People are you going tell you that they are not a Utah company. But I would stay with them


----------



## Gaston (Dec 6, 2008)

FMJ. And they pull out of 3D targets real nice !


----------



## TopofUtahArcher (Sep 9, 2009)

I have been shooting the Kinetic 400's by Gold Tip, and they are shooting really well. Before that I shot some PSE Radial X-weaves, and they are very good. Before those I shot FMJ's by Easton, and though heavy they too were good... I think my fav's are the Gold Tip XT Hunter shafts or the Kinetics of all the brands/styles I've tried over the years.


----------



## Flyfishn247 (Oct 2, 2007)

Any opinion on the Carbon Express Maximas? I was considering them, but I want to do a little research before I drop that much dough on arrows.


----------



## Elkoholic8 (Jan 15, 2008)

I shoot X-Weave Pro's and I love them. I have been amazed at the punishment that have been able to take.


----------



## jhunter (Dec 14, 2007)

Gold tip xt hunters, I love them and until an arrow can aim it's self I will not change.


----------



## Finnegan (Sep 7, 2007)

Flyfishn247 said:


> Any opinion on the Carbon Express Maximas? I was considering them, but I want to do a little research before I drop that much dough on arrows.

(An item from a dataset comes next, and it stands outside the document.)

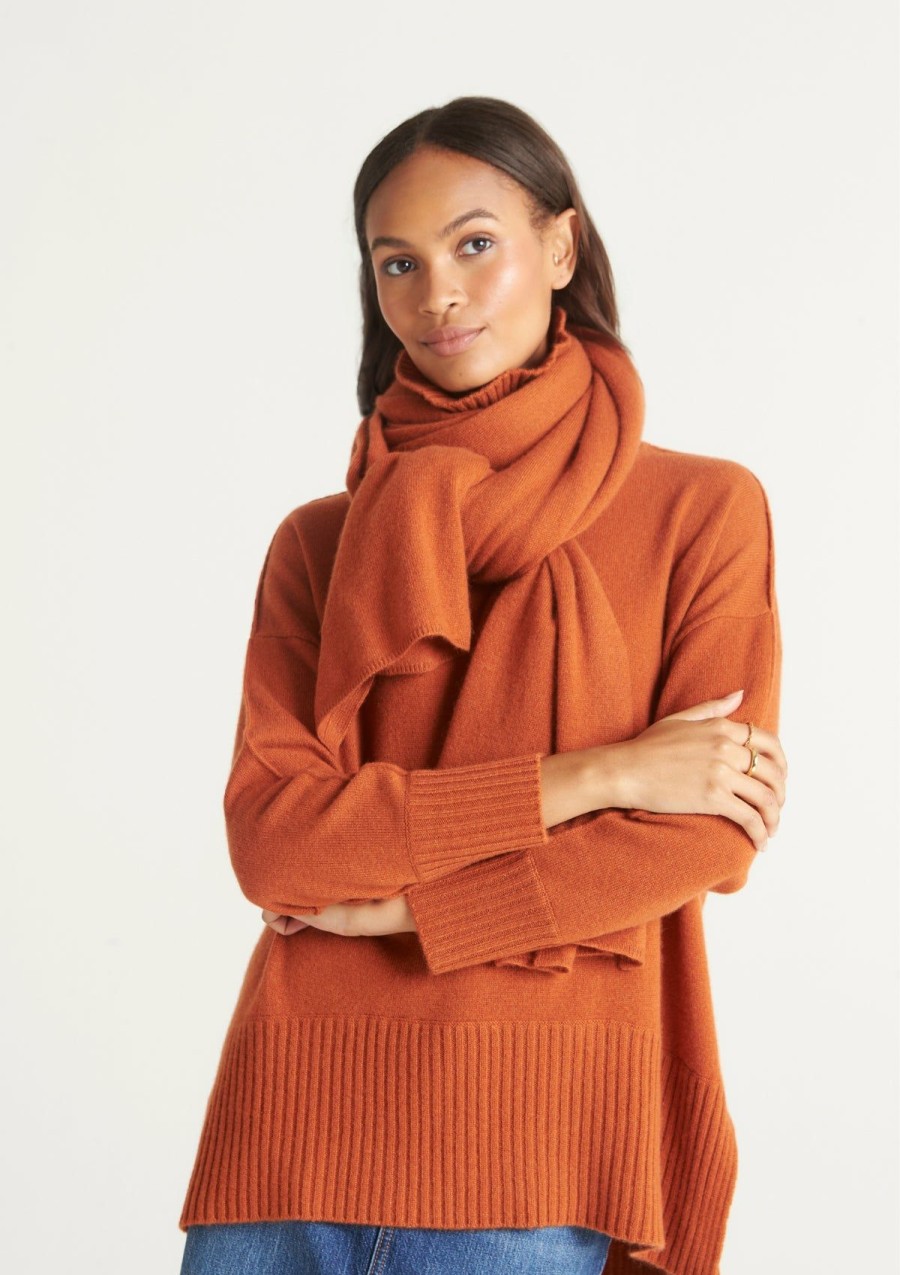 Accessories Loop Cashmere | Cashmere Lofty Blanket Scarf In Ginger Orange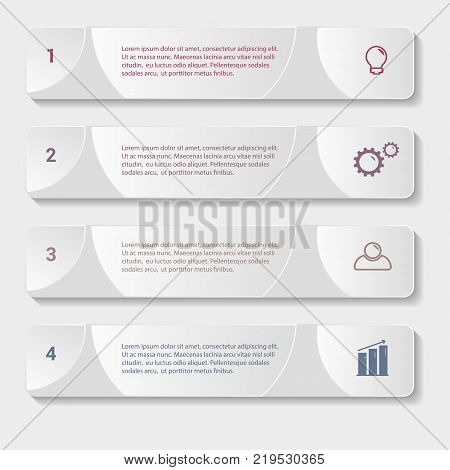 Vector stripes for infographic. Template for diagram, graph, presentation and chart. Business concept with 4 options, parts, steps or processes. Abstract background.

I used to be a disciple of the Holy Church of Goldtip, but I strayed from the path of righteousness and bought a half dozen Maximas 4 years ago. Now I'm a damned Carbon Express heretic.

Yup, they're expensive. Hurts when I lose one...the wages of sin, I guess. But I've never busted one and EVERY Maxima flies exactly the same. That sure wasn't my experience with Goldtips. Next I'll be dancing nekked under the full moon, I suppose. Oh, wait, on second thought, I've already done that.

It all comes down to where you put your faith. But Maximas fly straighter and faster than any arrow on the market, and that's Gospel.


----------



## Riverrat77 (Sep 7, 2007)

Gaston said:


> FMJ. And they pull out of 3D targets real nice !


Yep.


----------



## Flyfishn247 (Oct 2, 2007)

Finnegan said:


> Flyfishn247 said:
> 
> 
> > Any opinion on the Carbon Express Maximas? I was considering them, but I want to do a little research before I drop that much dough on arrows.
> ...


Thanks Finn, I too will have to stray away from the Church of Goldtip and try my hand at sticking a big bull with a Maxima this year. With the prospect of my next tag being during my retirement, I want any advantage I can get this year. Thanks for the reply.


----------